Like rural folks in many states, various Californians began forming small, community-based electric co-ops as early as the late 1800’s. The typical co-op, or “mutual association” as they were sometimes referred to, usually consisted of a small group of neighbors, maybe three or four adjoining farms, or a dozen or so inhabitants of a rural community. Together they dug the holes, set the poles and strung the wires by hand, connecting their homemade electrical systems to a small generator, usually diesel-fired, which would be adequate to power a couple lights for each house and barn, plus a few small motors or other minimal use appliances when the plant was fired up.
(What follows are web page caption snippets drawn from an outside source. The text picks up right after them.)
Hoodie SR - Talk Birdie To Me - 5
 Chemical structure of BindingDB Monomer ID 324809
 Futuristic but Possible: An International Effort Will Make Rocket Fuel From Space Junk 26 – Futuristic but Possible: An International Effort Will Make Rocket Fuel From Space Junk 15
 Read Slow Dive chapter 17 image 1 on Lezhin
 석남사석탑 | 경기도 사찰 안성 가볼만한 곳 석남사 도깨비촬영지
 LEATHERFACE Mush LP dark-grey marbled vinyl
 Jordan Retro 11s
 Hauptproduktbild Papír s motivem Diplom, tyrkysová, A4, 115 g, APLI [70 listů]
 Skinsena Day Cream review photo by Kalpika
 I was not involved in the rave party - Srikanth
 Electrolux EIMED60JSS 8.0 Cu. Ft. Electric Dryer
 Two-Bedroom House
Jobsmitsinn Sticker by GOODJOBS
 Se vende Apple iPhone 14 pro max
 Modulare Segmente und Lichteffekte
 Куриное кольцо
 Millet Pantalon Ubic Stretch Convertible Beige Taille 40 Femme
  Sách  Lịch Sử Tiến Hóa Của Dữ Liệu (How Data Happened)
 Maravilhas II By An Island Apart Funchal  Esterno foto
Rural electrification really took off after President Franklin Roosevelt created the Rural Electrification Administration (“REA”) in 1935, with Congress giving its official blessing a year later. From that point on the small community systems began connecting their wires together and co-op members worked together to create a movement that truly transformed rural America from darkness to light. A page out of Surprise Valley Electrification Corporation’s history book demonstrates how it happened. One of the small systems Surprise Valley incorporated into its system in 1938 was the Fort Bidwell Electric Company, purchased from a Mr. Cecil Aldridge for $2,650. To get central station power from the co-op, the 75 Fort Bidwell customers agreed to pay an extra 50-cents per month on their co-op electricity bills until the $2,650 was paid off.
During the 1930’s and 40’s there were numerous groups of energized citizens, mostly in rural areas all across California, that tried to start their own, locally controlled electric co-ops. Over a dozen different groups received preliminary loan approvals from REA, and at least half of them became operational and built power lines in rural areas.